Why Microsoft Word is great for journalism

Remember those $15 billion valuations of faceBook at the time that Microsoft invested in the company?

Well, here’s a lovely story from Good Morning Silicon Valley

For a company built on the public’s willingness to share ordinarily private information, Facebook itself has been notably tight-lipped on some subjects. The company’s market value? Just let people extrapolate from the 2007 Microsoft investment ($240 million for a 1.6 percent stake equals $15 billion). The price of getting founder Mark Zuckerberg’s former college buddies to stop complaining that he stole their idea? Seal the settlement in closed court and swear all parties to a blood oath of silence. But information wants to be free, and when the only thing standing in its way is a thin film of virtual marker ink, somebody’s going to help it make a break.

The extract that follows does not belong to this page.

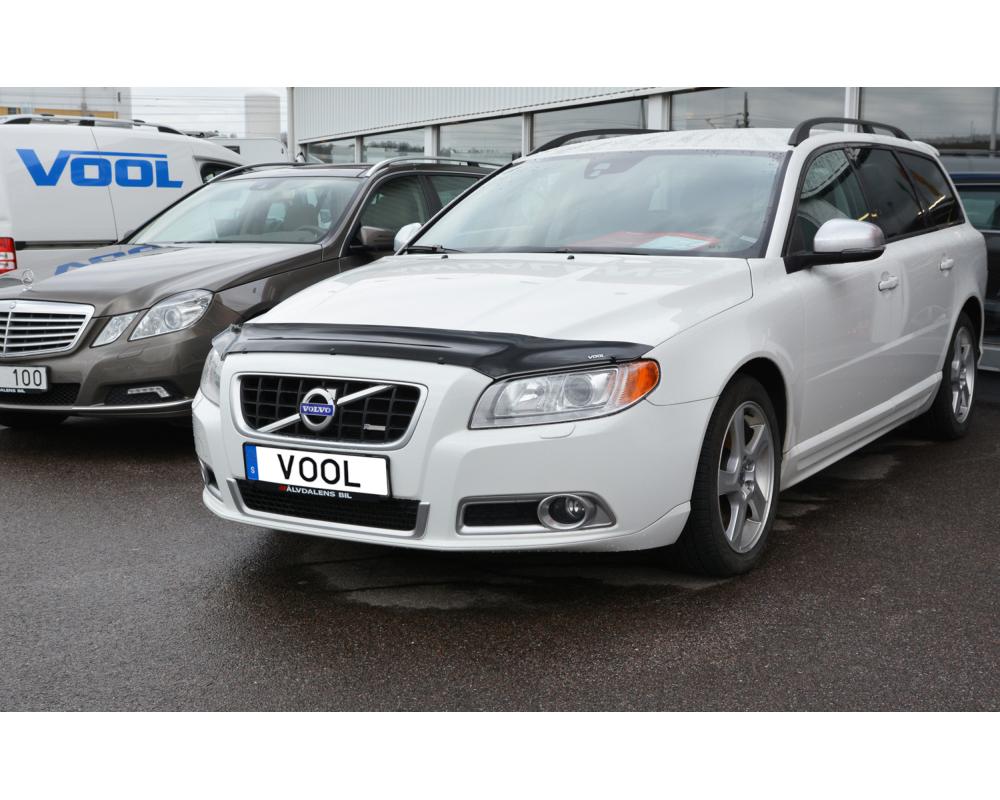 Huvskydd - Volvo XC70 2008-2016 - 3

See, the problem with using virtual marker ink to black out text in a digital document is that it works only for the printed output. On the original, the text is still there behind the shading, and if you copy and paste it into a new document, you can peel away the veil with no problem. That’s why you wouldn’t want to do this with, say, a sensitive legal document full of redactions. Unfortunately for Facebook, however, the transcript of that settlement hearing was edited in just this fashion, and when the Associated Press was given a digital copy and performed the magic cut-and-paste trick, a much more modest valuation of the company was revealed.

A much more modest valuation. See GMSV for the details.

Tip: never send anybody a .doc. Convert it to text or pdf first. But then you knew that, didn’t you?